Since 2005, the grapes have been harvested, pressed and vinified together to create a field blend made in a perpetual blending style similar to the solera system of Sherry. Each year, the perpetual reserve is blended with the new vintage before it is refilled into select barriques where it is allowed to rest. The remaining wine is then bottled, resulting in a cuvée inclusive of all vintages stretching back to 2005.
The current release of Les 7 contains the eminent trio of Champagne—18% Chardonnay, 14% Pinot Noir and 18% Pinot Meunier—joined by the remaining four grape varieties—8% Arbanne, 15% Petit Meslier, 17% Pinot Blanc and 10% Fromenteau (aka Pinot Gris).
It comprises the 2005–2015 solera with 4 g/L dosage and was disgorged in January 2018.
Les 7 provides a retrospective and prospective taste of the past, present and future.
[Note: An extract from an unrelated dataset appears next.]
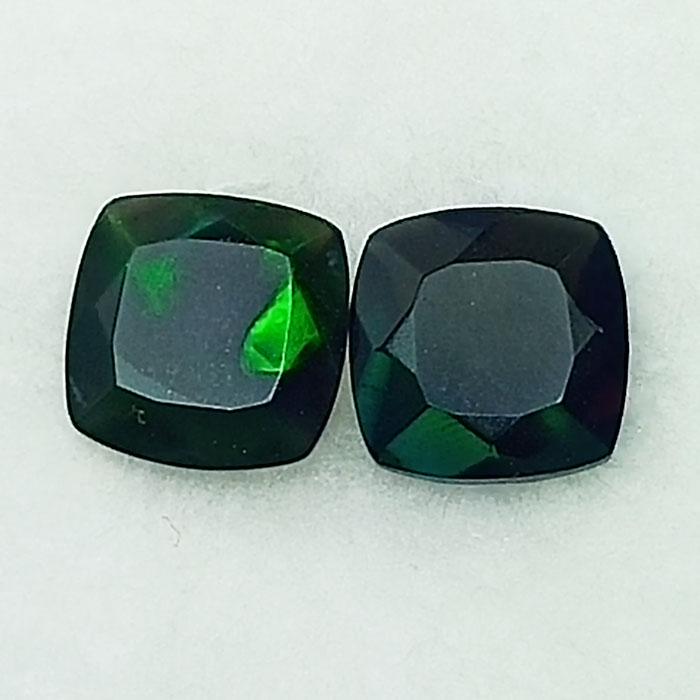 2 PCS 1.18 CTS NATURAL OPAL CUSHIION SHAPE LOOSE (1 of 2)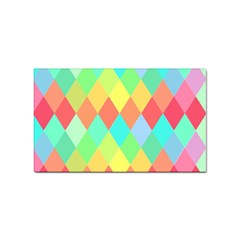 Low Poly Triangles Sticker (rectangular) by danenraven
Through the perpetual cuvée method, older vintages gain vicarious youth through the new vintages, and the resulting cuvée is one of complex dualities: lively yet mature; fruity yet nutty and full of spice; classic yet modern.
The aromas are fresh yet fleshy: a nashi pear core with white flowers and lemon drops, apples and dried apricots, levelling off on a vivid long finish replete with pepper, nuttiness and ginger. A solid acid drive and distinct minerality impart an elegant freshness along with the fine, delicate mousse.
The dialogue between the seven grape varieties is harmonious, like well-acquainted friends effortlessly picking things up where they last left off as though no time has passed at all.
Best enjoyed from a Lehmann Jamesse Prestige, Synergie 75 glass.
As a dynamic and complex wine, Les 7 can be enjoyed with food that matches or contrasts, such as oysters and seafood, decadent Japanese uni and spicy chicken dishes in Asian cuisine. Or simply, as Aurélien soliloquises, ‘Drink alone and it will all be okay’.